More details in my case this time: I strung up two hundred “pixel nodes” (12v, WS2811, http://m.aliexpress.com/item/1032319604.html ) in a tree in our front yard around December 1st, 2014 and just took them down today (April 5th, 2015). That’s just over four months, 125 days or so.
The lights ran 24/7, in rain, snow, hail, snow, sleet, snow, fog, snow, sun, snow, wind, and snow. Did I mention the snow? (Boston set an all-time record for total snow, as well as all kinds of other weather records this winter. It was … amazing.)
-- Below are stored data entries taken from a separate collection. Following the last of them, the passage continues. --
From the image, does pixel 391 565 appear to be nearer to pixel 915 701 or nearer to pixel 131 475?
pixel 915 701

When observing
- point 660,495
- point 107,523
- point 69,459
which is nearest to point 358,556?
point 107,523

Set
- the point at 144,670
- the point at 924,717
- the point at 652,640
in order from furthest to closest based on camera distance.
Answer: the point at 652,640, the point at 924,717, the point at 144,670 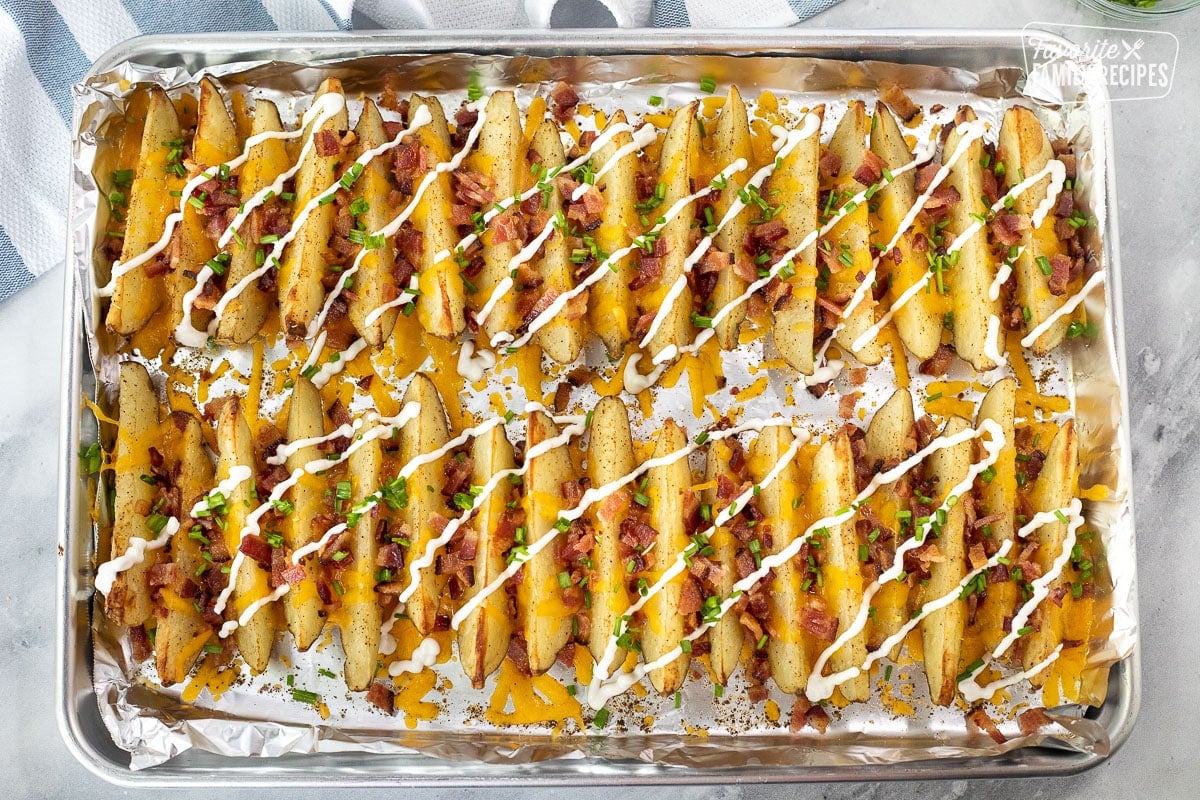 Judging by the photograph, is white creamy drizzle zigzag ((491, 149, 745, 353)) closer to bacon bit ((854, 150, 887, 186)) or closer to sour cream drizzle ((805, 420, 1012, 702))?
bacon bit ((854, 150, 887, 186))

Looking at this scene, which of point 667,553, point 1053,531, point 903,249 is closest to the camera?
point 667,553

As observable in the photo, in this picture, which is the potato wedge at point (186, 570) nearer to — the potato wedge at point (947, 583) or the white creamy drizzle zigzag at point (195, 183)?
the white creamy drizzle zigzag at point (195, 183)

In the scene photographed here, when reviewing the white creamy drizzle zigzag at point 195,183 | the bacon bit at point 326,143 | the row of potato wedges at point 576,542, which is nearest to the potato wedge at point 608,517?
the row of potato wedges at point 576,542

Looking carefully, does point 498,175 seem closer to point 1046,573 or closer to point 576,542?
point 576,542

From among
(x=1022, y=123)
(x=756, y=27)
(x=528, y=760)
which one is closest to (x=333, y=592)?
(x=528, y=760)

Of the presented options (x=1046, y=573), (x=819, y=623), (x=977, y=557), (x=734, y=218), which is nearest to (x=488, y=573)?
(x=819, y=623)

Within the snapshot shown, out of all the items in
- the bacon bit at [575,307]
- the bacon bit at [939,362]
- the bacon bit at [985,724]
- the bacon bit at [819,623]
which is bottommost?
the bacon bit at [985,724] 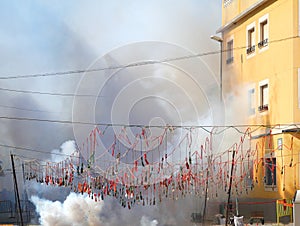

For the first six weeks, the lights ran a custom modified “holiday twinkle lights” animation - fairly dense light, maybe a 20% duty cycle. For the rest of the time, they ran a slower, less dense variation, maybe with a 10% duty cycle. Brightness was 255 at all times.
The microcontroller and power supply were in DIY’d weatherproof enclosures, and there’s no sign that anything leaked. This was what I thought would be the problem, so this was what I was extra careful on.
But basically everything just worked!
I suspect that the plastic insulation on the pixel strings would start to suffer a bit if it were left up and exposed to the summer sun at length, but for a couple of months of wet and cold and wind – there were no problems that I saw.
I know that the big-Halloween-decor folk and big-Holiday-decor folk have lots more experience in terms of durability of gear – maybe you’d like to chime in and add your success (and horror) stories?